Is alternative dispute resolution the better alternative for insured parties?

The following was presented as a seminar paper to the Australian Professional Indemnity Group in Adelaide on 8 November 2022.

TLDR. Spoiler alert. YES.

ADR methods are likely to improve the quality and timeliness of
dispute resolution processes and outcomes for insured claims.

Introduction

Litigation is a common part of resolving claims against businesses and professionals under liability insurance policies. It is so common that lawyers and insurers routinely allow for unrecoverable trial costs when calculating possible settlement figures.

The question for this paper is whether there are ways to reduce the cost of dispute resolution and, at the same time, produce a more successful outcome. This paper considers what a ‘successful outcome’ is, and looks at the options that parties should consider to resolve disputes outside of litigation.

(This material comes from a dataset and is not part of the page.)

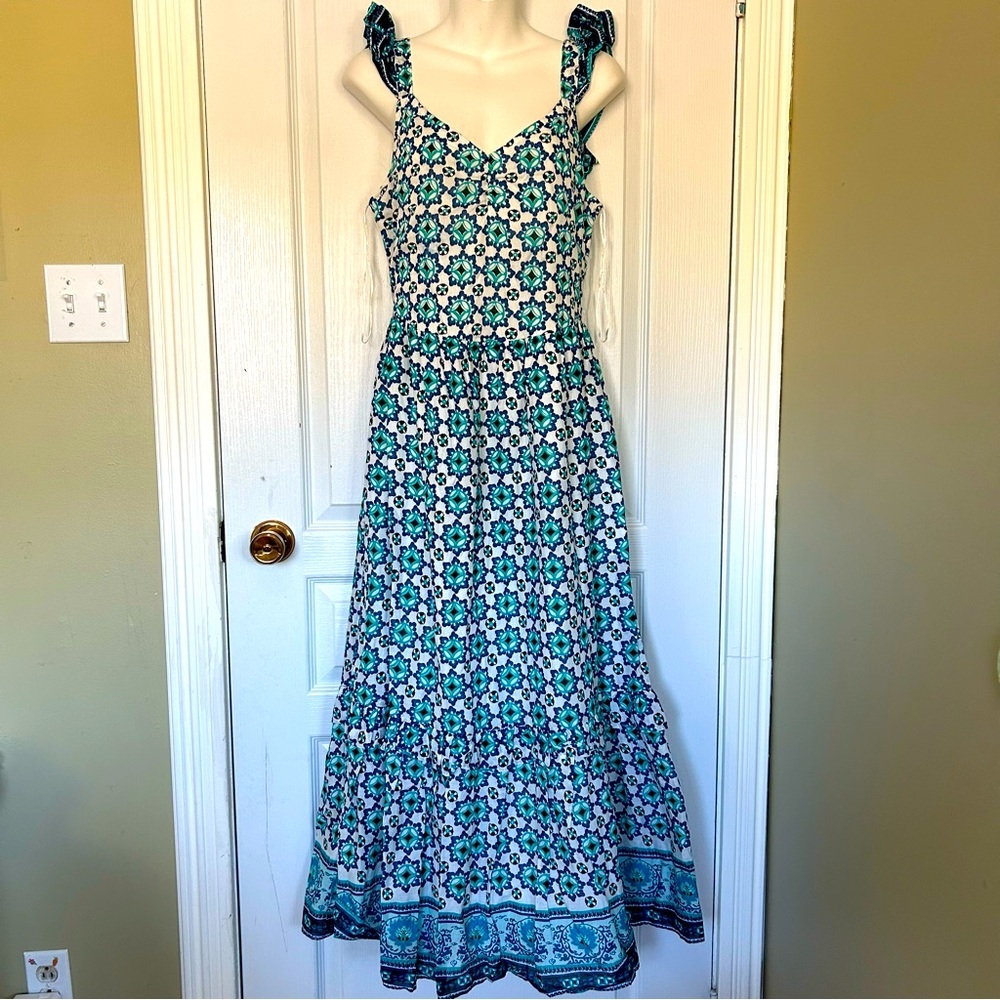 Haute Hippie Teal and White Floral Maxi Dress Women Medium Summer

In this paper, I will look first at claims against insured parties, where insurers and lawyers defend a claim. Secondly, I will touch on claims by insured parties against their insurers for failure to indemnify.

The claim

In most cases, the dispute starts with a ‘claim’ against the insured. Policy wordings differ, but there is a clear pattern. For example:

claim’ means any legal proceedings or written demand against an insured for compensation.

Or,

Claim

The receipt by an Insured of:

a)  any originating process (in a legal proceeding or arbitration), cross claim or counter claim or third party or similar notice claiming compensation against an Insured; or

b)  any written or verbal demand from a third party claiming compensation against an Insured.

In both examples, the claim is defined first by reference to legal proceedings and, secondly, by another form of demand. This sets a presumption of resolution by or through legal proceedings—usually in court.

In my experience, this presumption affects how insurers, lawyers and clients approach the options to resolve disputes.

Litigation

Court proceedings are a traditional way of resolving disputes. The rules and procedures of each jurisdiction are well-defined, and lawyers are well trained to operate in that environment.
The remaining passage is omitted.